Dennoch handelt es sich um ein wichtiges Buch für unsere Zeit, da es einige zentrale Probleme Europas auf den Punkt bringt.
Erstens, das europäische Demokratiedefizit: Die eigentliche finanzpolitische Macht der EU liegt bei der Eurogruppe, einem Gremium, dessen Arbeit nicht öffentlich ist und, da es nirgends rechtlich verankert ist, auch keinem Regelwerk unterliegt. Dieses im Buch genannte Beispiel ist nur eins von mehreren.
Zweitens, der Mangel an europäischer Solidarität: Der Norden dominiert den Süden wirtschaftlich und finanzpolitisch, nicht zum allgemeinen Wohl, sondern meist aus Eigeninteresse. Der Norden ist bereit, ein Mitgliedland in eine soziale Krise zu stürzen und ihm anschließend einen Teil seiner Souveränität zu nehmen, so z.B. als die griechische Steuerverwaltung teilweise direkt der Troika unterstellt wurde.

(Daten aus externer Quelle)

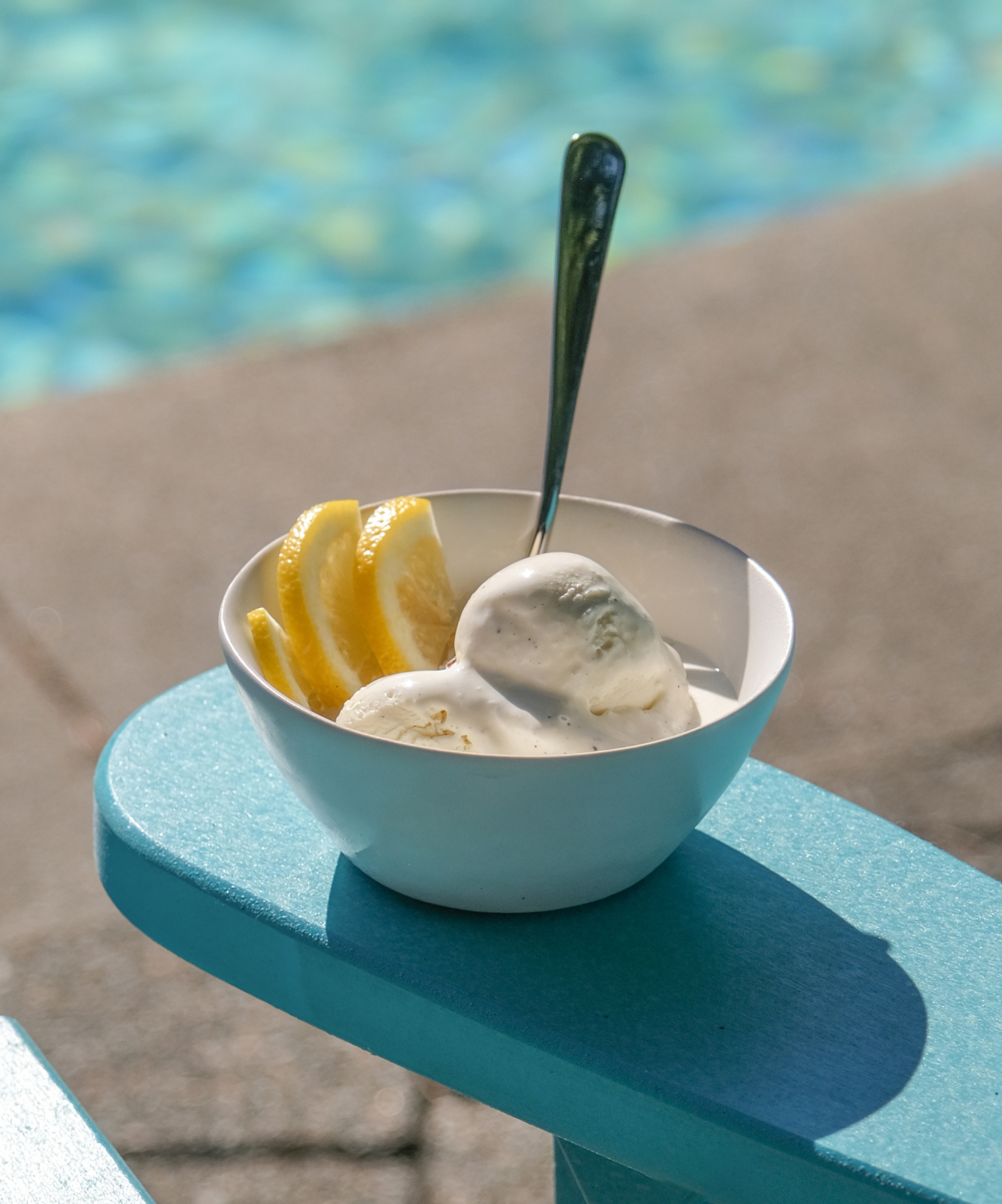 Ice cream with sliced lemon is served by the pool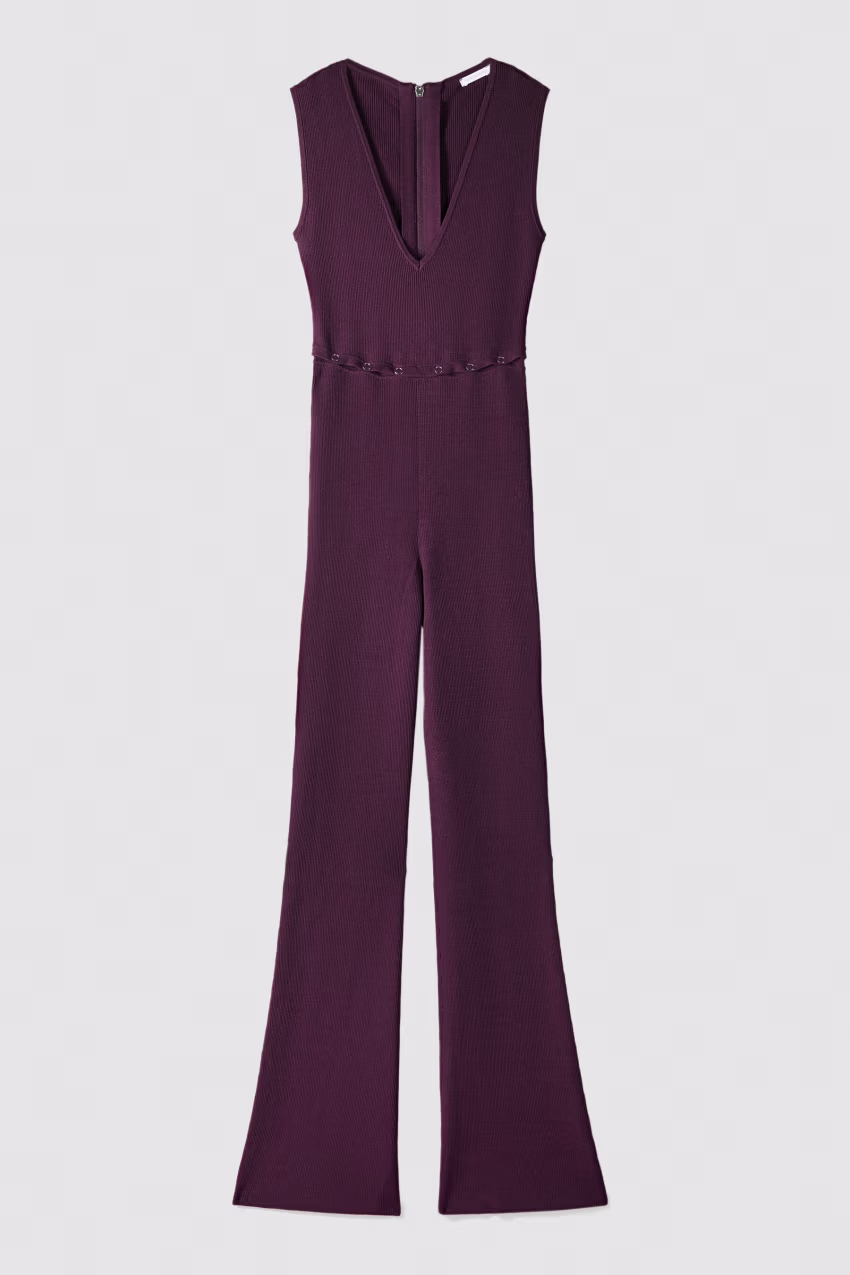 Tuta aderente con scollo profondo in maglia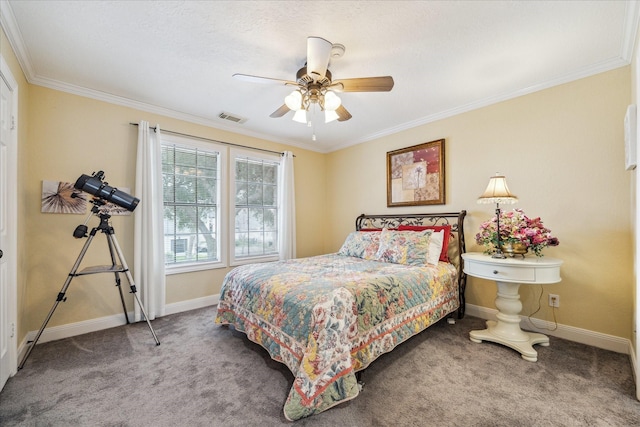 bedroom with ornamental molding, ceiling fan, and carpet flooring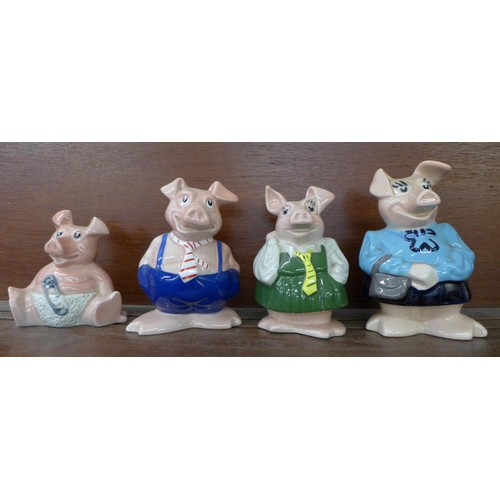 613 - Four Nat West pig money banks; Mum, Brother, Sister and Baby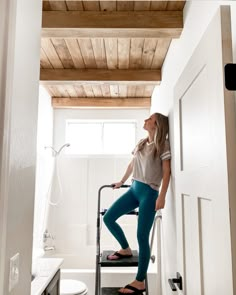 a woman standing on a ladder in a bathroom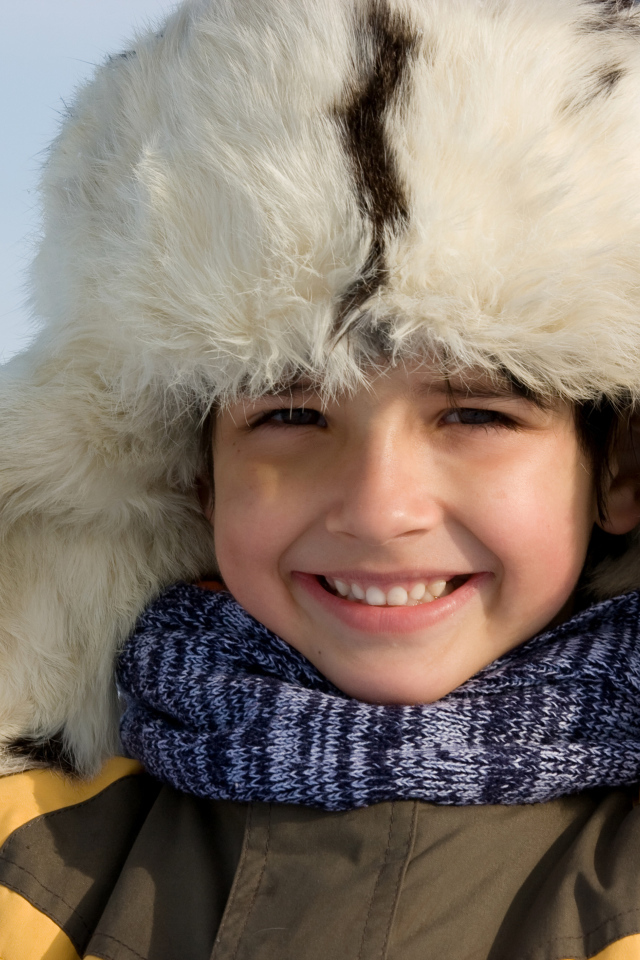 Маленький улыбающийся мальчик в теплой шапке зимой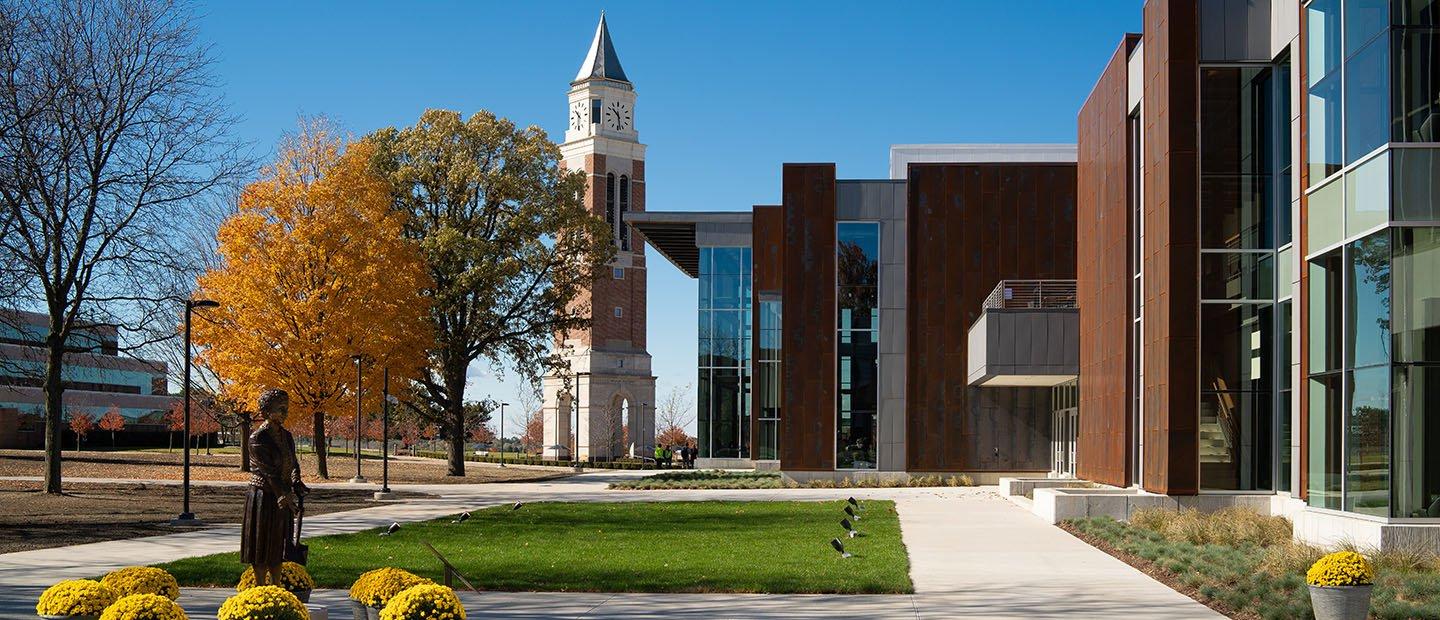 exterior of a brown building with a lot of windows, clock tower in the background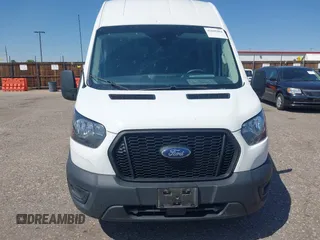 2023 Ford Transit Cargo with VIN 1FTBR1X80PKB45974, listed as a IAAI auction lot 42609404 with 35,940 mi miles and . Bid and sale history available at DreamBid. Image 12.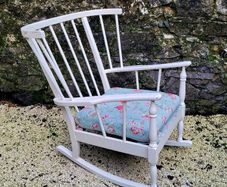 Mid-century painted spindle back rocking chair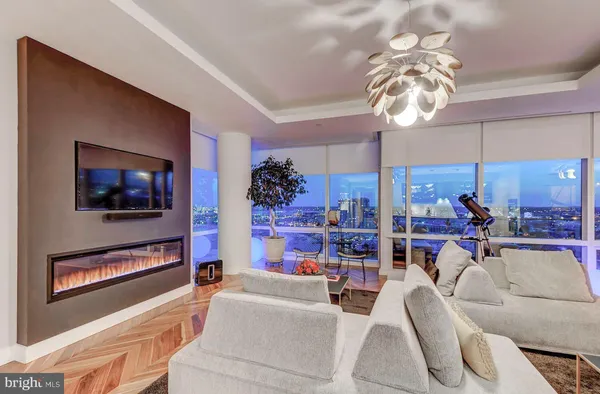 a living room with furniture a chandelier and a flat screen tv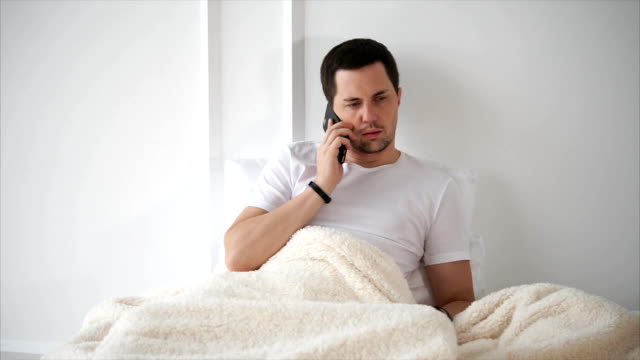 Mann-mit-einem-Handy-zu-sprechen,-wenn-im-Bett-liegend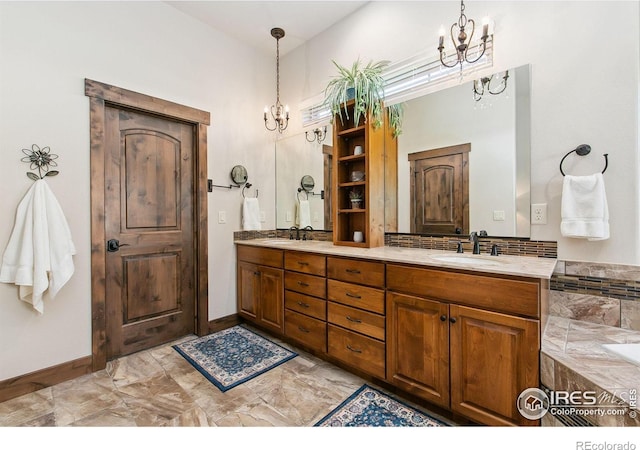 973 Skipping Stone Ct, Timnath, CO 80547 - bathroom with a chandelier, double vanity, marble look tile flooring, and a bath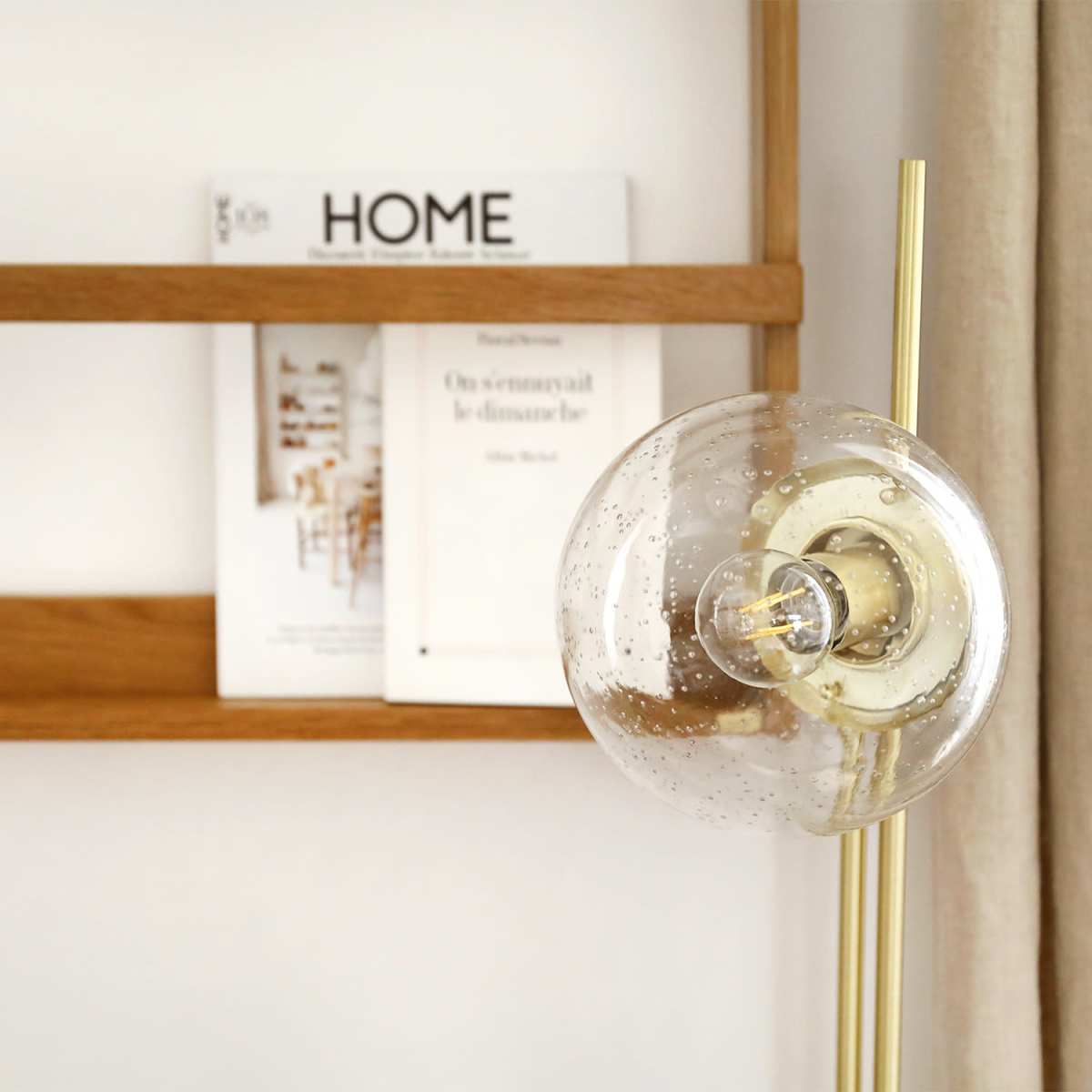 A clear glass lamp with a gold base stands in front of a wooden shelf displaying a magazine titled "HOME."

Drittens, die Währungsunion: Die Griechenlandkrise zeigt wie die strukturellen Mängel des Euros, wie etwa eine fehlende gemeinsame Steuerpolitik, zu einer fundamentalen politischen Krise der gesamten politischen Union führen können.
Viertens, der Mangel an politischen Visionen für Europa: Seit den gescheiterten Referenden zur EU-Verfassung 2005 und der Finanzkrise von 2008 sucht Europa weiterhin nach einem neuen Leitbild. Der Vertiefungsprozess stockt, das Europa der Nationen riskiert, das Rad zurück zu drehen, der neoliberale Status-quo verstärkt den sozialen Unmut.
Varoufakis selbst drängt darauf, diese multiple Krise zu lösen. Denn ohne politische Lösung, ohne den Respekt vor demokratischen Prinzipien, ohne das Wiedererstarken des Sozialstaats prophezeit er den weiteren Aufstieg von Rechtsextremismus und tribalistischem Populismus. Um seinen eigenen Beitrag zu leisten, hat Varoufakis kürzlich die Plattform DiEM25 (https://diem25.org/) als europaweite Bewegung progressiver Parteien gegründet.
Adults in the Room: My Battle With Europe’s Deep Establishment ist im Mai bei Bodley Head auf Englisch erschienen. Die deutsche Übersetzung erscheint als Die ganze Geschichte: Meine Auseinandersetzung mit Europas Establishment voraussichtlich Ende September.